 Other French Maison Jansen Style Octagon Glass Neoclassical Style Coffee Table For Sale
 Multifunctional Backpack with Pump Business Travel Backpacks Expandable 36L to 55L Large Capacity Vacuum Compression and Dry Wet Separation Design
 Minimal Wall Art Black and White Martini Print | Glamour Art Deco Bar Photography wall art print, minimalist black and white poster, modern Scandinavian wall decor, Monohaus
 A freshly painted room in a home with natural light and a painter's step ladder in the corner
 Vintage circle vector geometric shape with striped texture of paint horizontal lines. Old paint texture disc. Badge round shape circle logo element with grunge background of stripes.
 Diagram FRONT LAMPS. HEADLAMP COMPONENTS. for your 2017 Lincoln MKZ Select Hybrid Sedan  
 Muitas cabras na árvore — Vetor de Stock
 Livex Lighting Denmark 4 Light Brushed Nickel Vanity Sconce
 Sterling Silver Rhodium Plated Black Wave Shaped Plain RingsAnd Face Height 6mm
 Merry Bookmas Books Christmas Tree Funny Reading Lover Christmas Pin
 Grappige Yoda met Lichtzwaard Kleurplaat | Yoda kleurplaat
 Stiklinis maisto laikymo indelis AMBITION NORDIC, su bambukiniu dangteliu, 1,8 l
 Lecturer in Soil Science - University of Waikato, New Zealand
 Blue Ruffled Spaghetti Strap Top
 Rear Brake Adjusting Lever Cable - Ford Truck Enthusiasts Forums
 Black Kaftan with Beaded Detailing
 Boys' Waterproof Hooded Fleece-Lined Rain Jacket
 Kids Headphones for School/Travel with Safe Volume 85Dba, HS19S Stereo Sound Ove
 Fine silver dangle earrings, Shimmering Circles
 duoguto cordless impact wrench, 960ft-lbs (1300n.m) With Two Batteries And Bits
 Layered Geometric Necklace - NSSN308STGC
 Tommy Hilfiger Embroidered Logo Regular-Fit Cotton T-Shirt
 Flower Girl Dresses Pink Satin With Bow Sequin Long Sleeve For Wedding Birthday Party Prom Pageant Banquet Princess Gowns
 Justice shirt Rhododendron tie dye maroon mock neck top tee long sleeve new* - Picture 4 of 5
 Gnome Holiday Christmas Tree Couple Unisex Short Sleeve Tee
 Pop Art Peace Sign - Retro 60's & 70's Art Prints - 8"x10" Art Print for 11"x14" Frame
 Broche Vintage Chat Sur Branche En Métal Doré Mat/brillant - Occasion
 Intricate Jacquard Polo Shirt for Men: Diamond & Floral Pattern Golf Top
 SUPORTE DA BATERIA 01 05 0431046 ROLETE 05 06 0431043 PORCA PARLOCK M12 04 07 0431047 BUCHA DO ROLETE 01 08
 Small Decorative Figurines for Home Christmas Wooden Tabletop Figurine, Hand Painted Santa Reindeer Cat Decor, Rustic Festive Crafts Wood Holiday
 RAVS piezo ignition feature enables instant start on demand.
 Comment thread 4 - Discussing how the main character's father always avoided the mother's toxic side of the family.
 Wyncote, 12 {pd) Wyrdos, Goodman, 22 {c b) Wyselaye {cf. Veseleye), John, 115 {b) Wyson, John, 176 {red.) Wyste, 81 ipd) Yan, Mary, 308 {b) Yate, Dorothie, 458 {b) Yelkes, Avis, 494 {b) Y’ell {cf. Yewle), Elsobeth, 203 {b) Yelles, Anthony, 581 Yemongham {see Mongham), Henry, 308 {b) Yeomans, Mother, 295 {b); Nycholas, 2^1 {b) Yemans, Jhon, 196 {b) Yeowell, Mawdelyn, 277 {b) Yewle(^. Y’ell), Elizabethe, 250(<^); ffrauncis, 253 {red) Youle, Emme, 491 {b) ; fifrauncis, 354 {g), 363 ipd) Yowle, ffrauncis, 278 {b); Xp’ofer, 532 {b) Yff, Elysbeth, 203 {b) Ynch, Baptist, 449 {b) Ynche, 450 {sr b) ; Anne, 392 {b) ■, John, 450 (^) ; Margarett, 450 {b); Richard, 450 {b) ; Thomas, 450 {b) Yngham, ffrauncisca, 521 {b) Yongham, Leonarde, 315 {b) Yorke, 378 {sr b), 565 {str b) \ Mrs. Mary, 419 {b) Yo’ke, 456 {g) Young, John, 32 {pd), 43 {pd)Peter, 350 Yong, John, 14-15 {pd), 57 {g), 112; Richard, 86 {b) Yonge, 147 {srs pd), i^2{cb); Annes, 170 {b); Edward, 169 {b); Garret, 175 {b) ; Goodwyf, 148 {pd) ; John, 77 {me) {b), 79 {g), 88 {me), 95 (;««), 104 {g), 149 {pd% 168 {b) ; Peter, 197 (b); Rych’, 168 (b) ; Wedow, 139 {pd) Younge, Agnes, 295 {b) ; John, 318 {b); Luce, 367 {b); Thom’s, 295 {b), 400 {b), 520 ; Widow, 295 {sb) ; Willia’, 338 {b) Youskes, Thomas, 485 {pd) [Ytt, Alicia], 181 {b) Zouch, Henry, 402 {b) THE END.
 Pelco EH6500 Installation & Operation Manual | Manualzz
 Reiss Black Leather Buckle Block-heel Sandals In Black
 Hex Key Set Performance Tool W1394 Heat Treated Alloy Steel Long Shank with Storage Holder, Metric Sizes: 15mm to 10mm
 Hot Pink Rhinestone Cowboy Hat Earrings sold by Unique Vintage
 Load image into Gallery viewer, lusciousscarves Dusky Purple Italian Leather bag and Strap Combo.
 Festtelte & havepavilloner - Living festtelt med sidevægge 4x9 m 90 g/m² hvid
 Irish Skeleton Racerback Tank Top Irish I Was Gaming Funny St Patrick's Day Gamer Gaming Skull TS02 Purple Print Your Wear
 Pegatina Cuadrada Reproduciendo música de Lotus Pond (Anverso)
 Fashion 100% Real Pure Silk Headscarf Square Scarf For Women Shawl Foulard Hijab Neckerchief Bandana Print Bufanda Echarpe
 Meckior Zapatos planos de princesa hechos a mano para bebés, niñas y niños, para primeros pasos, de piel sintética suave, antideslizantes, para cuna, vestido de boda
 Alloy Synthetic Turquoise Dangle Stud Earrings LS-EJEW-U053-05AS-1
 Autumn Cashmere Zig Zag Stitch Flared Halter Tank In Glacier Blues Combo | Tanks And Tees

TASK.
Restate word for word the entries above, starting at the line with "Layered Geometric Necklace - NSSN308STGC" and ending at the line with "Justice shirt Rhododendron", inclusive, and no others.

ANSWER TO THE PROBLEM.
 Layered Geometric Necklace - NSSN308STGC
 Tommy Hilfiger Embroidered Logo Regular-Fit Cotton T-Shirt
 Flower Girl Dresses Pink Satin With Bow Sequin Long Sleeve For Wedding Birthday Party Prom Pageant Banquet Princess Gowns
 Justice shirt Rhododendron tie dye maroon mock neck top tee long sleeve new* - Picture 4 of 5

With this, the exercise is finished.